Want to get results? Stop being results-driven!

Remove the obvious and focus on the meaningful

Look through any selection of LinkedIn profiles and you’ll find the usual array of chest-beating descriptions of people’s skills and attributes. I’m not knocking this – it’s a marketplace; you’re there to sell yourself – but there’s one descriptor that’s really come to irk me lately: “results-driven”.

Results-driven – what does it actually mean?

Think about it, it’s semantic nonsense: results are what happen as an outcome when you do something. Do it badly and you’ll get a bad result; do it brilliantly and you’ll get a better one.

OK, I realise that, in the world of business jargon, results-driven is a shorthand for “look at me, I have a track record of getting great results, so hire me” but what the statement omits is much more important: what kind of results do I get motivated by and what kind of results do I expect and encourage from the people who work with me?

As Gordon Tredgold argues in his book FAST, transparency is one of the keys to successful leadership, so it’s a shame that we hide who we are behind meaningless clichés. But if transparency – in this case, sharing what kind of results get us out of bed in the morning – is something to be encouraged, there’s a problem that we face. It’s this:

We often don’t know what results we want

And this is compounded by a further problem: we don’t spend enough time talking about them. Particularly when we might find that we want different things.

Find the why

Simon Sinek gets to the root of things with his work on “finding your ‘why’”, but it’s a sad fact that not many people have a clear view of their “why” – their core purpose – and businesses have even less of one.

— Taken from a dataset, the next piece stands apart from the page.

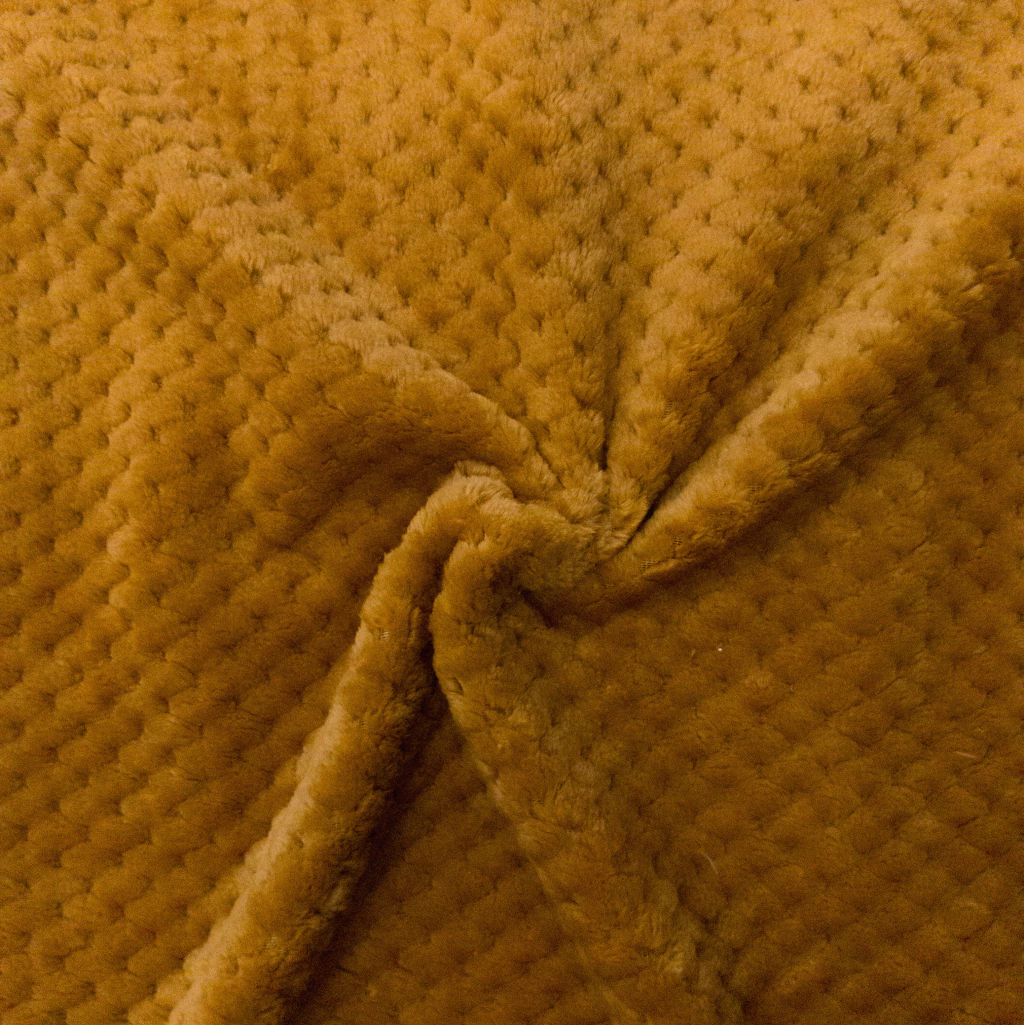Coral Diferenciado - Marrón camel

I’ve found that senior executives are more than comfortable talking about what they are doing or plan to do and how it might be done, but rarely stop to examine why they are doing it. It’s understandable – it’s not an easy conversation as it involves each person triangulating different results:

  • The results I’m judged on by those outside my team – e.g. sales, customer satisfaction, share price
  • The results my team and/or peers expect from me – a mix of behaviours and measurable outcomes
  • The results I want for myself, which could be anything to meet a range of material emotional and spiritual needs.

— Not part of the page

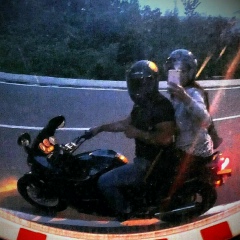 Лука Кирия, 15.08, Москва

When you start to examine your own responses to those three sets of results you begin to realise that unpacking what being results-driven means is massively complex and, quite possibly, if you were to be fully “results-driven” you would never get anything done as you would be constantly working out which set of results you were trying to drive.

Keep it simple

Better to adopt an approach taken by John Maeda in his book The Laws of Simplicity, which states that simplicity is “subtracting the obvious and adding the meaningful”. Taking this approach means not fretting about the obvious results – increased sales, better satisfaction etc – but focusing on the meaningful – how do those results support the purpose of the organisation?

That’s a conversation that’s well worth having.